Stored dataset items
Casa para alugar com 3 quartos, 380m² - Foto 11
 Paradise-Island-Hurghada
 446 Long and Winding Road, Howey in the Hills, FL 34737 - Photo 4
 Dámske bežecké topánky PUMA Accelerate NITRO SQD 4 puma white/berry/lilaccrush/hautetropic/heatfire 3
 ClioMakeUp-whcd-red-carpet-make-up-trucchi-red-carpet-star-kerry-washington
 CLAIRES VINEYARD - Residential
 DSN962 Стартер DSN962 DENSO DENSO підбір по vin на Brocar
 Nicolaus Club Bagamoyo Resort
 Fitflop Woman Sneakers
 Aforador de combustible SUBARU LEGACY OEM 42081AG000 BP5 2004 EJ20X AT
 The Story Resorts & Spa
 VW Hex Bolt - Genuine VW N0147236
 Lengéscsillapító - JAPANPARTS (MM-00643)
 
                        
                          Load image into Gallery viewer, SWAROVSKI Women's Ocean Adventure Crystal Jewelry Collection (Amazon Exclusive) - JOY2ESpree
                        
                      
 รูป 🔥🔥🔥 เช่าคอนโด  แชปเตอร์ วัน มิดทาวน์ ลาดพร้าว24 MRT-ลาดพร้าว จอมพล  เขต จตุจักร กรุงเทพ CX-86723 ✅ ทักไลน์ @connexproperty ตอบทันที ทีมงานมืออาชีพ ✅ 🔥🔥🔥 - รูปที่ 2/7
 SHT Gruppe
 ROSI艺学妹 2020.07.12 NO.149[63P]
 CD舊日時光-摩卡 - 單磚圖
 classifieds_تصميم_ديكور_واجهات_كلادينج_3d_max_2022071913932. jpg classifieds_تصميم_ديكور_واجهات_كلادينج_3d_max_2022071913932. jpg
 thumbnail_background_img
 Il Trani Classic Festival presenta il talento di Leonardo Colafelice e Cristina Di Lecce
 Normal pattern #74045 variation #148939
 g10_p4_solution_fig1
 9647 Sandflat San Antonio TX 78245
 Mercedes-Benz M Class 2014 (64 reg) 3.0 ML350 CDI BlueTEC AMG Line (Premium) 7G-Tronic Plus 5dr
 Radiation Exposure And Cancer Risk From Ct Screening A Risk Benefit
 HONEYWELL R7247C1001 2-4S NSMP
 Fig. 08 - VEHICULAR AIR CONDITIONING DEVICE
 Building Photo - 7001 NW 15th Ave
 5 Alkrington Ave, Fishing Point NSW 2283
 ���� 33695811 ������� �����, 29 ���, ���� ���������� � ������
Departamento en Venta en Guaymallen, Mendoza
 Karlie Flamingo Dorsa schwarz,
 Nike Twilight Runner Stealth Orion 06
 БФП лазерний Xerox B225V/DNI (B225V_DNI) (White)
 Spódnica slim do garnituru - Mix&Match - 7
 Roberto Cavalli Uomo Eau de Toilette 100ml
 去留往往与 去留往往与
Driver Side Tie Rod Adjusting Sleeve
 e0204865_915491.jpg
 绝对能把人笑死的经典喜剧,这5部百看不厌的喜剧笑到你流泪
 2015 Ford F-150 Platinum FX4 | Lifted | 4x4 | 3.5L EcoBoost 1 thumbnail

Task description
When a line of the entries contains the word "Photo", it counts toward the total; reply with that total alone.

Task output
2